* [YOUR OBJECTIVE]: Give back all of the data exactly, with every picture omitted.

* [SOURCE DATA]:
=== Section Start ===
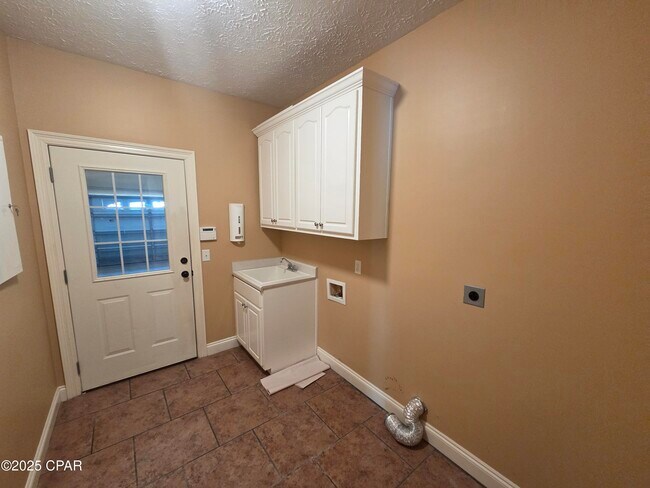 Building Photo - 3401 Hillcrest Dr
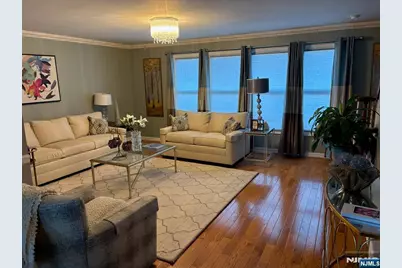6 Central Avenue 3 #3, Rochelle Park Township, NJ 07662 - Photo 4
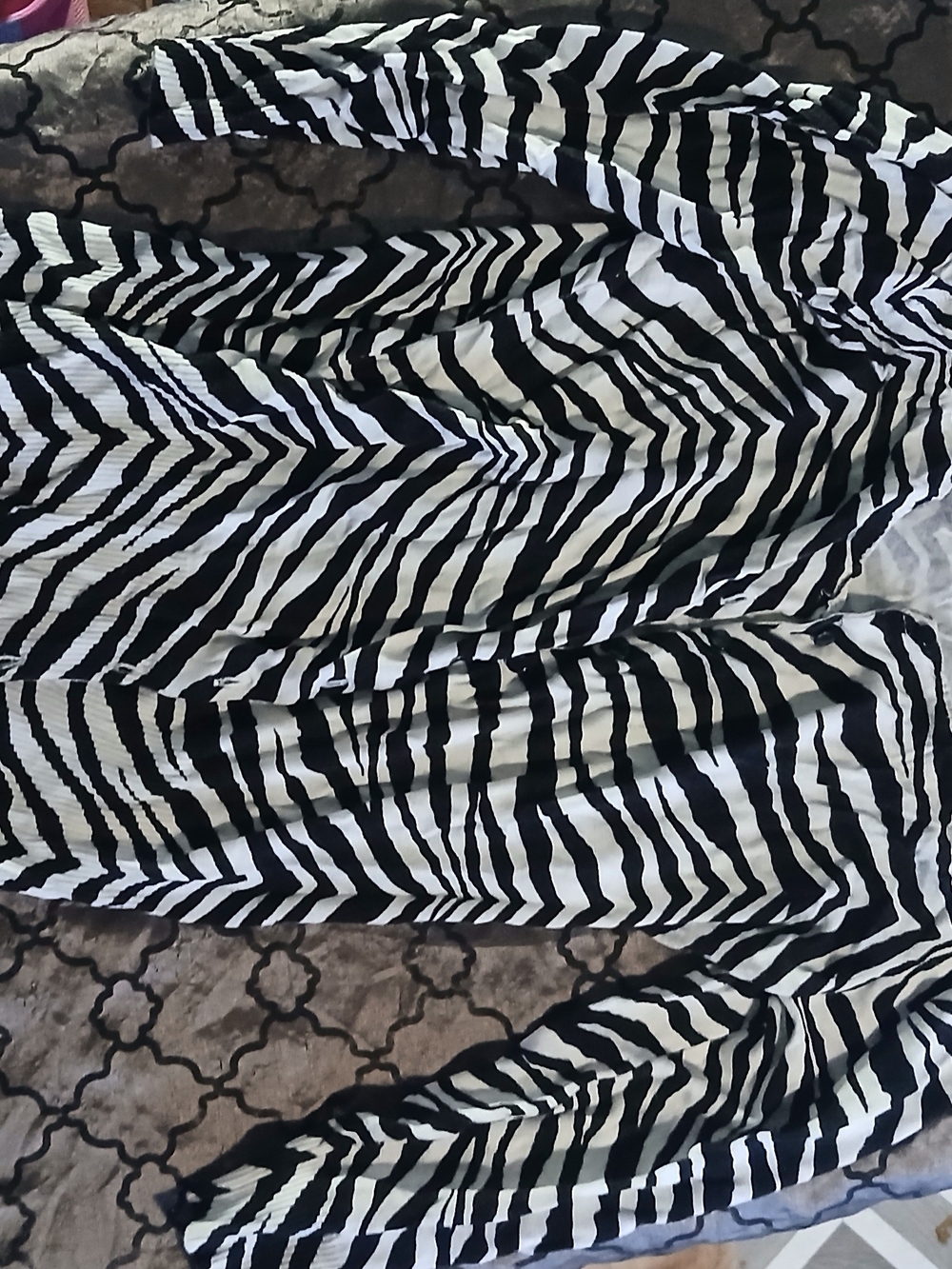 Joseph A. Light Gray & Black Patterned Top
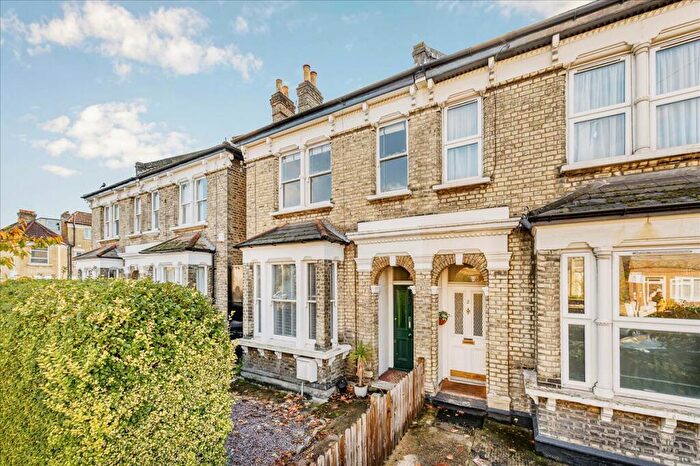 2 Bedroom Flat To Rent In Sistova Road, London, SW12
=== Section End ===
* [EXERCISE SOLUTION]:
 Building Photo - 3401 Hillcrest Dr
6 Central Avenue 3 #3, Rochelle Park Township, NJ 07662 - Photo 4
 Joseph A. Light Gray & Black Patterned Top
 2 Bedroom Flat To Rent In Sistova Road, London, SW12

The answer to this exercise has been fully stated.